Millennium Food Company
“Curtis Freshel founded the Millennium Food Company to produce non-animal foods and to let vegetarians express their identity and their moral presence through their consumer purchases. Its most successful item was Bakon Yeast, a seasoning whose hickory smoked flavor made it an appealing addition to foods. 'Millennium Extract' and 'Millennium Meat' made their way into markets, and the company sold its products mail-order through notices in humane publications” (Bernard Unti, “'Peace On Earth Among The Orders Of Creation': Vegetarian Ethics in the United States Before World War I.” The Routledge History of Food, ed. Carol Helstosky. New York: Routledge, 2014. 190). For example, “Millennium Extract” was advertised in The Vegetarian Magazine Vol. 14 No. 3 (1910): 66.
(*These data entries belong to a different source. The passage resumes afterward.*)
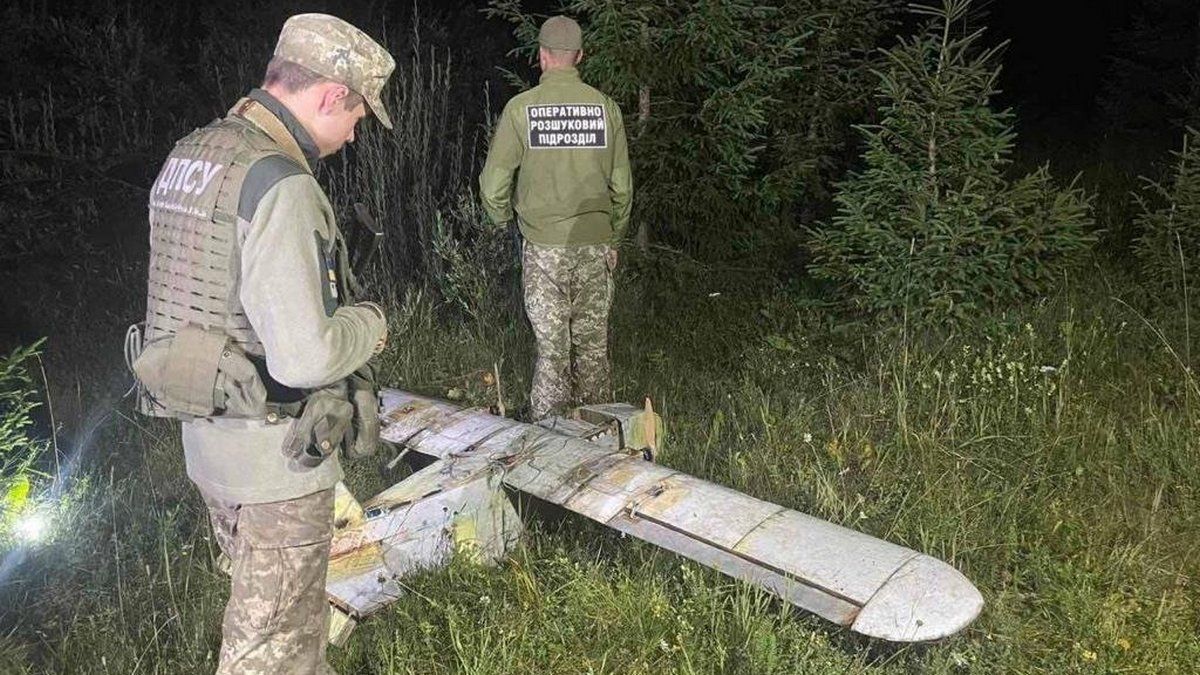 На західному кордоні затримали понад 100 контрабандистів, третина з них - з підробленими паспортами 4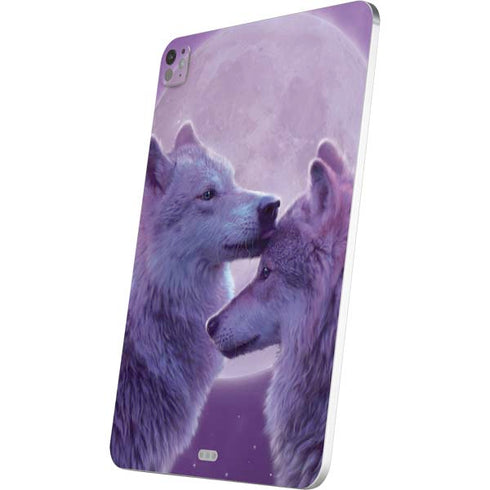 Loving Wolves by Vincent Hie iPad Pro 13in M4 (2024) Skin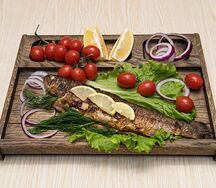 Речная форель на мангале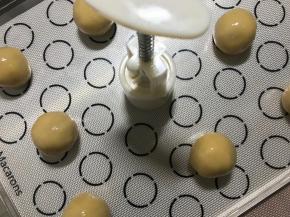 模具压膜，刷油是为了好压，不粘进模具中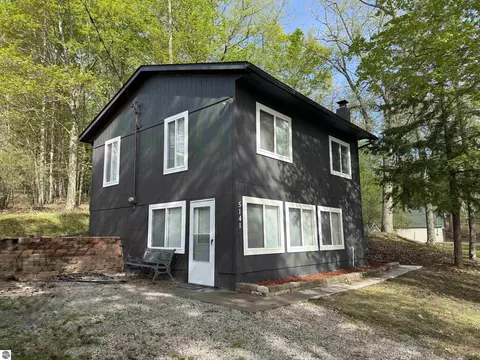 5141 Lake St, Glennie, MI 48737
Caroline Earle White's editorial article in the June 1912 edition of the Journal of Zoöphily promoted this Extract as “hardly distinguishable in appearance, taste and smell from ordinary extract of meat … though it is entirely vegetable” (340). In the same article, White mentions a conference of Antivivisectionists held at the Belleview Hotel in Boston, indicating that the luncheon was hosted by “Mrs. M. R. L. Sharpe, author of the Golden Rule Cook Book,” using materials from the Millenium Food Company to provide an entirely meat-free meal.